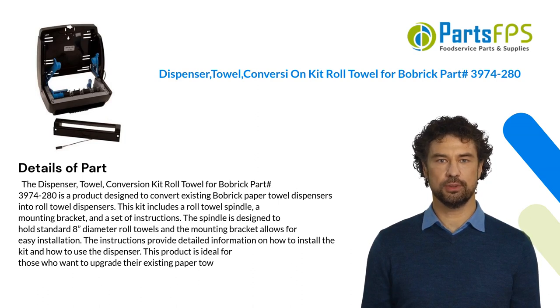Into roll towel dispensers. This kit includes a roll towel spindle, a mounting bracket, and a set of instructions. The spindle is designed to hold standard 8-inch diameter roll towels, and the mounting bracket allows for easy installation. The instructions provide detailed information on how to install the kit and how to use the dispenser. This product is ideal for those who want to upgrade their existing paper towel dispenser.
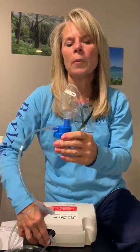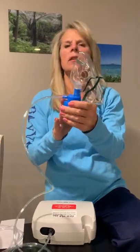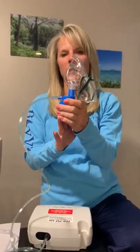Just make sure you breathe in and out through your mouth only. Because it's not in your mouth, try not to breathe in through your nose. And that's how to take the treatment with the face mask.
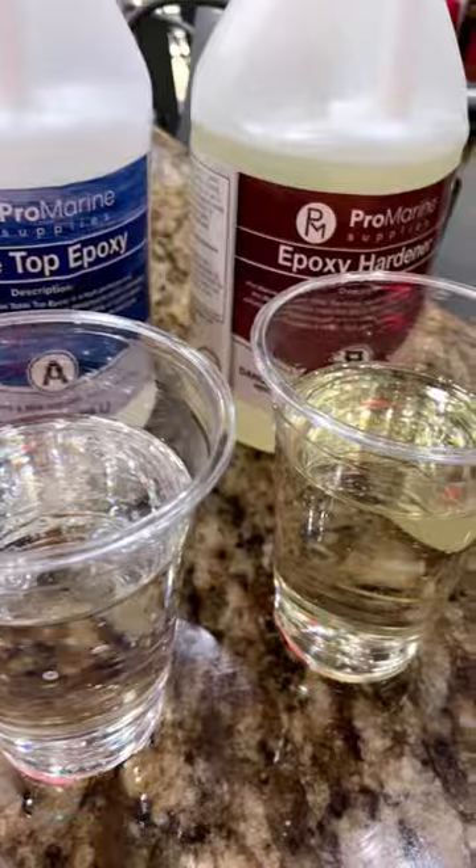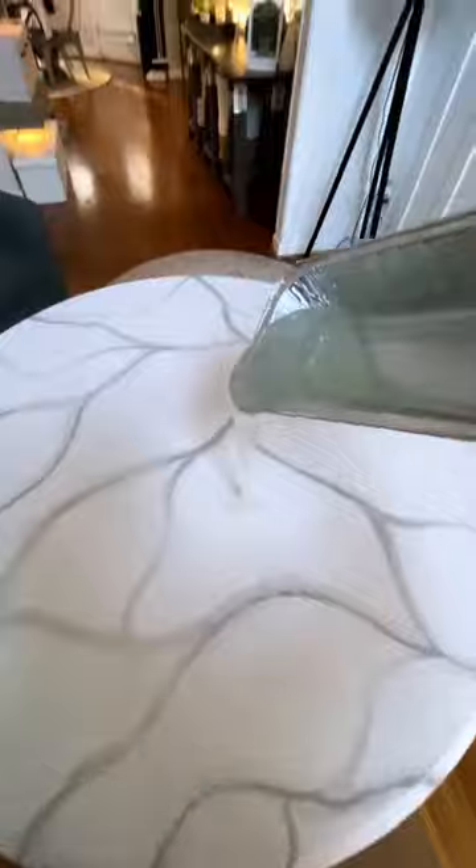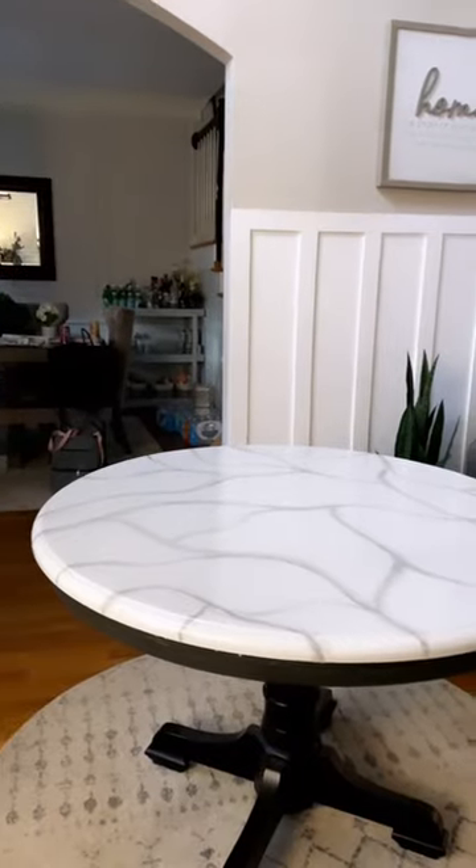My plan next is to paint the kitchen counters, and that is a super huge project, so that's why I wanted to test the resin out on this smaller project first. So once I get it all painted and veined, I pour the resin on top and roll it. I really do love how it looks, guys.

=-=-=

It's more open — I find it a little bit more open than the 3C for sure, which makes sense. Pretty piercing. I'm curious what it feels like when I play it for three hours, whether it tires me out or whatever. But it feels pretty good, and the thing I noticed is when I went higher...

=-=-=

Directions for this task:
Using the material above, reproduce only the lines that run from the line with "Into roll towel" up to and including the line with "Just make sure", exactly, with the pictures dropped.

Result:
Into roll towel dispensers. This kit includes a roll towel spindle, a mounting bracket, and a set of instructions. The spindle is designed to hold standard 8-inch diameter roll towels, and the mounting bracket allows for easy installation. The instructions provide detailed information on how to install the kit and how to use the dispenser. This product is ideal for those who want to upgrade their existing paper towel dispenser.
Just make sure you breathe in and out through your mouth only. Because it's not in your mouth, try not to breathe in through your nose. And that's how to take the treatment with the face mask.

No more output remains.